▸ **DATA SUPPLIED**:
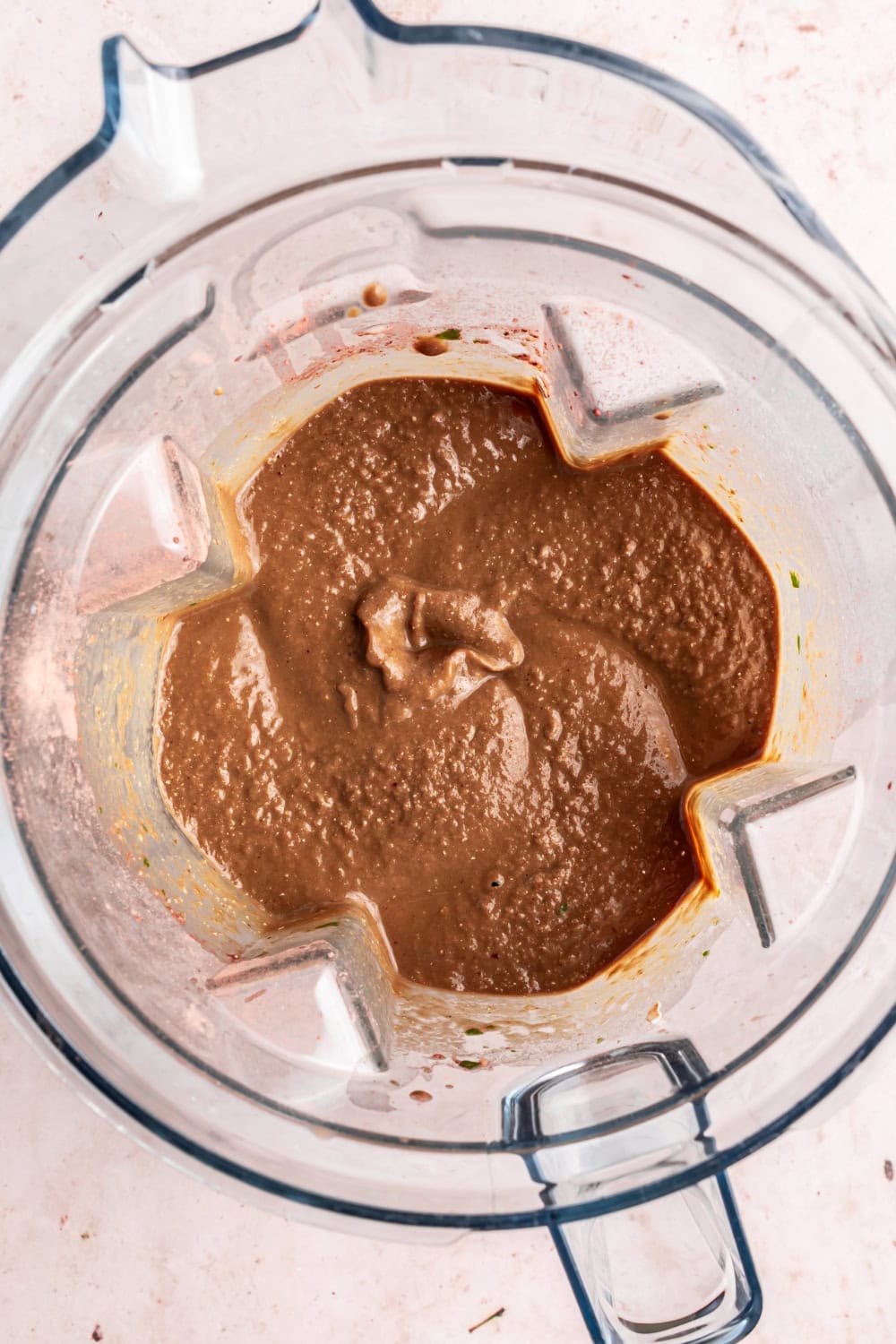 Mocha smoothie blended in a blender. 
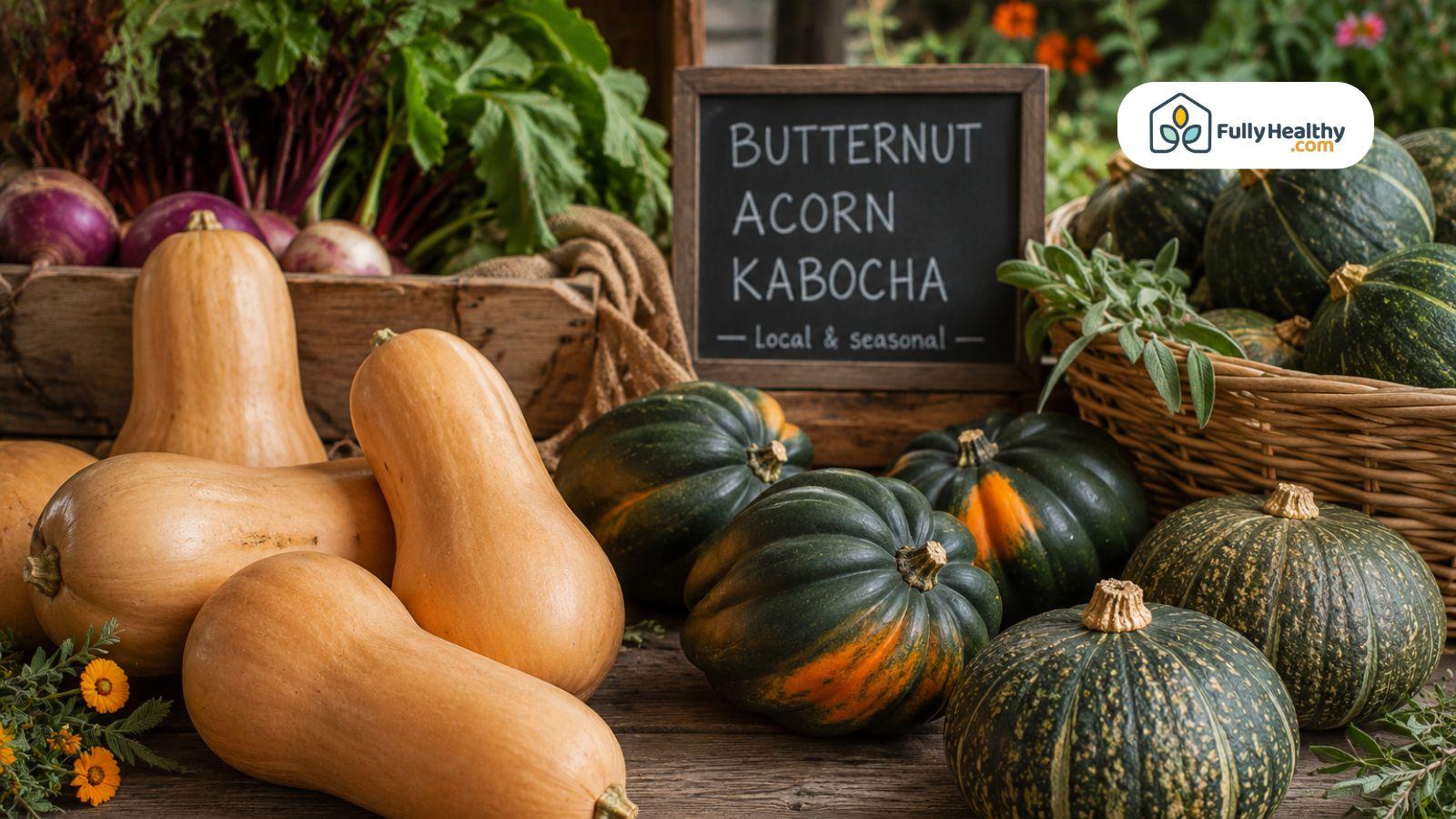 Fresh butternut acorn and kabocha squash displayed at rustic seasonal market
--
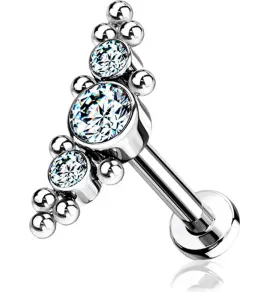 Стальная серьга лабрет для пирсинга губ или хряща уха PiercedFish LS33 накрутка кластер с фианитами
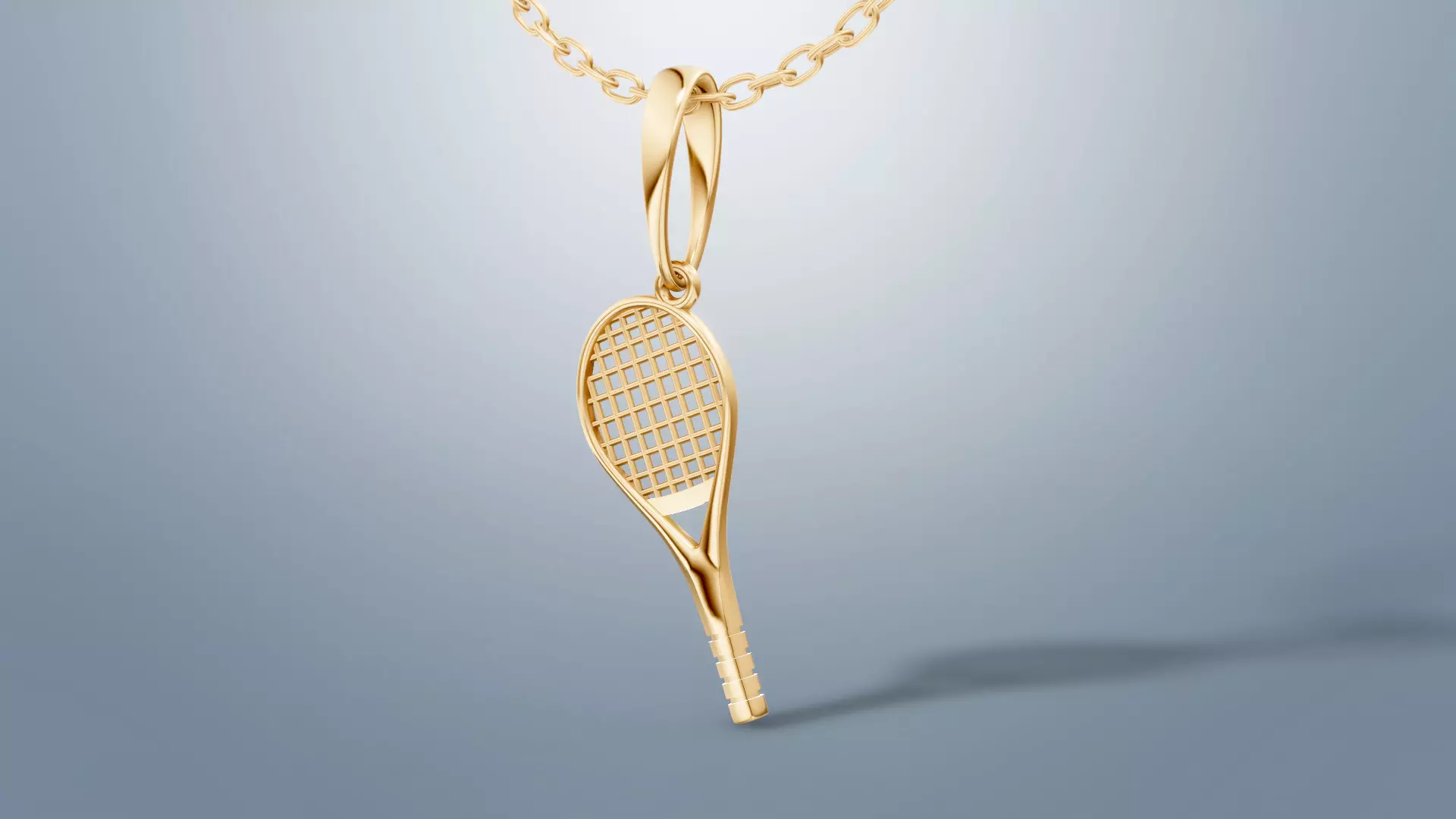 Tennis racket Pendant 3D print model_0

▸ **TASK DIRECTIONS**: Look above for the line with "Mocha smoothie blended in a blender." and the line with "Fresh butternut acorn". Output those two and everything between them exactly, pictures excluded.

▸ **WRITTEN SOLUTION**:
 Mocha smoothie blended in a blender. 
 Fresh butternut acorn and kabocha squash displayed at rustic seasonal market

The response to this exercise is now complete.